What fundamental purpose would @useragent serve in the spec? The
goal of the spec is to convince all UAs to achieve compliance so
authoring becomes as easy as possible. Thus it seems the spec has to
be designed to try to render that rule entirely useless. This seems
like a patch applied to a future version to cure a current problem.

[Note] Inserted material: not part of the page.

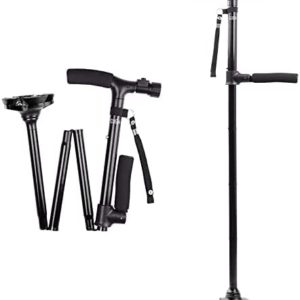 SUEH DESIGN Folding Walking Cane with LED Light for Men and Women, Adjustable Collapsible Elderly Walking Stick with Side Handle, Black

As such, I have trouble envisioning it as a working solution, and if
implemented it seems as though it would still make authoring just as
difficult as it is right now.
On the other hand, I don't see that there would be any harm in
implementing an @version rule, so that authors can declare which
version of CSS they are supporting. This follows the Javascript
model, at least to some extent. Such a declaration would allow the
future development of the spec in a direction that is incompatible
with current implementations, should that prove to be desirable at
some point. A version declaration might also give authors the option
to specify that the user agent could use the rules in the version
block as a supplement to other rules, or as an exclusive substitute
for them.
After several CSS versions, I could imagine, e.g.:
/* current generation browsers see generic rule blocks here */
@version (3, exclusive) {
/* rules aimed at CSS version 3 implementations */
/* generic rule blocks would not be applied */
@version (4, inclusive) {
/* enhancements for CSS version 4 capable browsers */
/* version 3 rules would also apply, but not */
/* generic rule blocks, since the version 4 rule */
/* is itself contained inside an exclusive block */
}
}
I don't know if this would be too difficult to implement (certainly
it would bring up progressive rendering issues in this form, at
least), but I can certainly imagine it being useful to authors. And
it makes authoring easier, because it could be entirely ignored by
authors if they didn't want to use advanced features. It also
partially addresses some of the issues @useragent is supposed to
cover, but does it in a more consistent, spec-centric way, in my view.